We are receiving reports with UI responsiveness for clients on the CA1 and are investigating.

Clients on US3 are continuing to start up. We will continue to monitor this process throughout the action.
Posted Oct 07, 2024 - 12:48 EDT

Update

We’re experiencing disruption with several tenants on clusters CA1 and US3. Sites are unavailable. We will continue to provide updates as they become available.

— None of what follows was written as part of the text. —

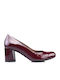 Wonders Burgundy Heels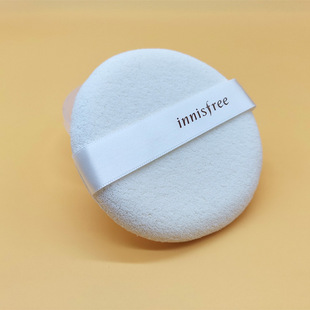 Internet Celebrity Sponge Powder Puff Non-Latex Air Cushion Wet and Dry Beauty Powder Puff Oval Non-Eating Powder Makeup Ball Thick Style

Clients on the CA1 cluster have recovered.

Clients on US3 are continuing to start up. We will continue to monitor this process throughout the action.
Posted Oct 07, 2024 - 12:11 EDT

Monitoring

We’re experiencing disruption with several tenants on clusters CA1 and US3. Sites are unavailable. We will continue to provide updates as they become available.

The downtime for CA1 proceeds as expected, with 90% of reporting up. The remaining 10% are being monitored for completion.

Clients on US3 have begun their downtime window. We will continue to monitor this process throughout the action.
Posted Oct 07, 2024 - 11:30 EDT

Update

We’re experiencing disruption with several tenants on clusters CA1 and US3. Sites are unavailable. We will continue to provide updates as they become available.

Auvik is required to restart all tenants on the US3 cluster at 15:30 UTC (11:30 EDT), a delay from the 14:50 UTC restart post. This will create a maintenance window of up to 1.5 hours, with most sites recovering before that.
Posted Oct 07, 2024 - 10:50 EDT

Update

We’re experiencing disruption with several tenants on clusters CA1 and US3. Sites are unavailable. We will continue to provide updates as they become available.

Auvik has begun restarting the CA1 cluster. This will take up to 1.5 hours, but most sites will recover before that.
Posted Oct 07, 2024 - 10:42 EDT

Update

We’re experiencing disruption with several tenants on clusters CA1 and US3. Sites are unavailable. We will continue to provide updates as they become available.

Auvik is required to restart all tenants on the US3 cluster at 14:50 UTC (10:50 EDT). This will create a maintenance window of up to 1.5 hours, with most sites recovering before that.
Posted Oct 07, 2024 - 10:25 EDT

Identified

We’re experiencing disruption with several tenants on clusters CA1 and US3. Sites are unavailable. We will continue to provide updates as they become available.

Auvik is required to restart all tenants on the CA1 cluster at 14:35 UTC (10:35 EDT). This will create a maintenance window of up to 1.5 hours, with most sites recovering before that.
Posted Oct 07, 2024 - 10:24 EDT

Investigating

We’re experiencing disruption with several tenants on clusters CA1 and US3. Sites are unavailable. We will continue to provide updates as they become available.
Posted Oct 07, 2024 - 10:10 EDT
This incident affected: Network Mgmt (us3.my.auvik.com, ca1.my.auvik.com).